Juan’s clown outfit could come in handy to distract the raging bull when the riding cowboy gets tossed in the mud.  That bull, played by none other than President Trump himself, starred in his own road show in Panama City, FL last evening.  There he snorted and pawed the ground to the audience’s delight.  Trump is no apprentice on the big stage.  “You got some real beauties.  You have a choice between Sleepy Joe and Crazy Bernie,” he said.  The crowd roared.  “And Beto, he’s falling like a rock.”  “I’ll take any of them, let’s just pick somebody please and start this thing.”  The lead actor cares not who his cowboy rider is.  He’s ready to toss him or her.   Once the rider is on the ground send in Juan the clown to distract him.  But, when President Trump acts there are no cliffhanger endings.  Give him a chance and he will (Al) gore you.

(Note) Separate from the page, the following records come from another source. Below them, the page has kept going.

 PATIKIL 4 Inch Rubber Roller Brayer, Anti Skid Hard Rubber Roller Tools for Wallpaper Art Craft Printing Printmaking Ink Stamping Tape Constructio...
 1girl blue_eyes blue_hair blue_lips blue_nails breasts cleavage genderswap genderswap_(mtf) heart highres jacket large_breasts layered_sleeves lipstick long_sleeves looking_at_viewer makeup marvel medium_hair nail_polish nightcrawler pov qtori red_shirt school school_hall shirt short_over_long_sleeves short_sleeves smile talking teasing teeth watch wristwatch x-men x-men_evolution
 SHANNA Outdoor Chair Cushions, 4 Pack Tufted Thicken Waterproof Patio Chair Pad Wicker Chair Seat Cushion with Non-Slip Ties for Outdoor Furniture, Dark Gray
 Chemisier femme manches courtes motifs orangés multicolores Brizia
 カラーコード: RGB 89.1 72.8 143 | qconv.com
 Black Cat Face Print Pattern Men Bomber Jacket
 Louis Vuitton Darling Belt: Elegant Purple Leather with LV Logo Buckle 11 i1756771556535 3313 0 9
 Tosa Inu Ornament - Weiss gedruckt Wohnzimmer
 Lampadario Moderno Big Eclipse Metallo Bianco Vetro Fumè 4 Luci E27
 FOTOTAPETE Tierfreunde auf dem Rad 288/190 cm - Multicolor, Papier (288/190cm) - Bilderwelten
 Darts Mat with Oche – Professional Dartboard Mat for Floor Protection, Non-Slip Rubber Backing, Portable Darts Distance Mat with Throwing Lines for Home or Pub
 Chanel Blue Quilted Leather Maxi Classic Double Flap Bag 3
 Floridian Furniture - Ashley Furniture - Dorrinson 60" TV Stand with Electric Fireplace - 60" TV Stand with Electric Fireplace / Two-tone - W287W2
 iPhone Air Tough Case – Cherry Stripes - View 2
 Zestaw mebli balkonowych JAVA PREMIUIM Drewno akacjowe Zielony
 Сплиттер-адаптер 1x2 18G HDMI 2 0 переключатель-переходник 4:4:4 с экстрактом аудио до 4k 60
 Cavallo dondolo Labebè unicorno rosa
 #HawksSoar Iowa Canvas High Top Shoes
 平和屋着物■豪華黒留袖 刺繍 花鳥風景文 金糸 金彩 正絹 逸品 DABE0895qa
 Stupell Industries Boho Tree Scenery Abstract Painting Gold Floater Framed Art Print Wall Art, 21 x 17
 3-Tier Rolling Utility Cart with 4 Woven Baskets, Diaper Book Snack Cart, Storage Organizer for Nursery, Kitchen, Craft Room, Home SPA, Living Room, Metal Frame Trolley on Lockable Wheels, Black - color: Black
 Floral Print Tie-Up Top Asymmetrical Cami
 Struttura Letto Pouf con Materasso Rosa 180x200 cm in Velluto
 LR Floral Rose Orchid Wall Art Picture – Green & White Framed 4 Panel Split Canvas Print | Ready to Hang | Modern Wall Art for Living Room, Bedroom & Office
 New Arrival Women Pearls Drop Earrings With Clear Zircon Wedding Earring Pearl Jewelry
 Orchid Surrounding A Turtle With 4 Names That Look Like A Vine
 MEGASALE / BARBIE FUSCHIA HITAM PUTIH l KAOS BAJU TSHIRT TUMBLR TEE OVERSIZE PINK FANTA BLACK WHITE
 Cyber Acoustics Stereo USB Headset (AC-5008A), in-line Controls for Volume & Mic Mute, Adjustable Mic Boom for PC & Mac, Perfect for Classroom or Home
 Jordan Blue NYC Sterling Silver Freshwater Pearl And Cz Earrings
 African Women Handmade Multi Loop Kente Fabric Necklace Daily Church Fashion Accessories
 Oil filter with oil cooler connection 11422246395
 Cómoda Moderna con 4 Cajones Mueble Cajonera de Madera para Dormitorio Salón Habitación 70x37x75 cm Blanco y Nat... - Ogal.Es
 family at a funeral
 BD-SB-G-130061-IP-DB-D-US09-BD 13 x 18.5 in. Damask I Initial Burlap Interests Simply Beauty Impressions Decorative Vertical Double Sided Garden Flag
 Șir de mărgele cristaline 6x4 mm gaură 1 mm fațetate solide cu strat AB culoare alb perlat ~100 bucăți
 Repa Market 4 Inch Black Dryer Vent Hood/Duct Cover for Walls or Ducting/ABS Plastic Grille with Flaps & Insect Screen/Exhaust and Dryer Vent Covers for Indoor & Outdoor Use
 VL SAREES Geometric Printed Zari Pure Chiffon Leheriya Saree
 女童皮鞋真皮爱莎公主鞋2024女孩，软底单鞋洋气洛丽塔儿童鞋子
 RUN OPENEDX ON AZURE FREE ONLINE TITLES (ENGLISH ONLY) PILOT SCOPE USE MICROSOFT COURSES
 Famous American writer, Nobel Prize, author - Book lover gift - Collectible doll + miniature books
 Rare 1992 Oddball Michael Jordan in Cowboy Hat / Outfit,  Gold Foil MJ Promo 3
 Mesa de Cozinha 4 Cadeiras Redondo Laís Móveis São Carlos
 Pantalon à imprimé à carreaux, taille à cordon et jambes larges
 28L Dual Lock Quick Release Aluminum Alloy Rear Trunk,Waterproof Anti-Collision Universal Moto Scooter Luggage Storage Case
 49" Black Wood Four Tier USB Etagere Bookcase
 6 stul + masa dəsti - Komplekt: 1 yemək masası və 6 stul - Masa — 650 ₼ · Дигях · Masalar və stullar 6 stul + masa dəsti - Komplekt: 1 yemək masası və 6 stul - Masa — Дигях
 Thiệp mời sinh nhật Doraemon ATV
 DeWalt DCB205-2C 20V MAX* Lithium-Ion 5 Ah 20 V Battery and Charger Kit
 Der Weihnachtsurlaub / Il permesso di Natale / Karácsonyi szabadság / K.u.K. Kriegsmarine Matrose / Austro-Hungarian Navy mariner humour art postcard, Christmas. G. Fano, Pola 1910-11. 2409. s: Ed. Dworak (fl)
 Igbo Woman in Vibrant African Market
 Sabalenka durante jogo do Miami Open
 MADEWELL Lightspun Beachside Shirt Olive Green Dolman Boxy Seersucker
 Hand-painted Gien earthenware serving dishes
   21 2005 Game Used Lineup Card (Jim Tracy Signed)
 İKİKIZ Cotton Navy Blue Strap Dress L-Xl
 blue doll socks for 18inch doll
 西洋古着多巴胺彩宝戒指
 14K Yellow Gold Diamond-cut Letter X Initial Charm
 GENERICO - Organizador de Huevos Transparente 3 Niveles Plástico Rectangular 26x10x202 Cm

We cannot wait for more hits this summer.  Meanwhile, Oscar nominations for all.  Bravo, bravo!

And Justice For All

Rod Rosenstein(RR) resigned yesterday effective May 11, 2019.  RR went to the White House Monday and personally delivered his resignation letter face to face with the President, according to an administration official and a Justice Department official.  It was only fitting that he do that since in his short stint as Deputy Attorney General he often went toe to toe with President Trump.

On Monday, Rosenstein wrote in his resignation letter to Trump, “We keep the faith, we follow the rules, and we always put America first.”  Sounds like a great idea we suppose.

Regardless of which side of the aisle you prefer it was hard at times to keep the faith in RR because one wondered whether he was following the rules.  It’s hard to put America first if you don’t.
President Trump nominated RR to serve as Deputy Attorney General for the United States Department of Justice on February 1, 2017.  He was confirmed by the U.S. Senate on April 25, 2017.  A quick, but very busy, two years later he’s out.
But, in the span of 24 months RR wrote a letter to Trump recommending James Comey be fired, appointed Robert Mueller as Special Prosecutor in the Russia mess, either did or did not want to wear a wire when talking to Trump, attempted to recruit cabinet members to invoke the 25th amendment to have Trump removed from office, and approved along with AG Robert Barr the findings of the Mueller Investigation.  Trump tells us that he sleeps about four hours a night.  Our guess is that RR sleeps about four hours a week.
Research shows he is a registered Republican.  Trump didn’t get that feeling, wanting on numerous occasions to fire him.  Bad idea Trump’s team told him.
Eleven House GOP members filed articles of impeachment against Rosenstein on July 25, 2018, alleging he has stonewalled document requests from Congress and he mishandled the 2016 election investigation.  But they backed down for fear of slowing the Kavanaugh Supreme Court approval process.  Bad idea other congressmen told them.
He was in the very good graces of the Democrats until RR added his signature to Barr’s that Mueller’s investigation found no Trump Russia collusion and felt like any instances of obstruction of justice failed to rise to the level of criminal activity.  Bad conclusion Democrats told him.
So Trump didn’t like him.  Congressional Republicans didn’t like him.  And, now Congressional Democrats don’t like him.  If everyone disagrees with you up there in the swamp maybe you are putting America first?
So Rod Rosenstein went out like he came in-face to face and toe to toe with his biggest of many critics.  Maybe justice was served after all.

Just a Bit Inside!

Last evening Philadelphia Phillie Rhys Hoskins homered off of NY Mets reliever Jacob Rhame in a 6-0 win.  This came just one day after Rhame buzzed two consecutive fastballs just above Hoskin’s cranium in the meaningless ninth inning of Mets 9-0 blowout.  Hoskins basked in the moment, taking a very long 34 seconds to touch all of the bases.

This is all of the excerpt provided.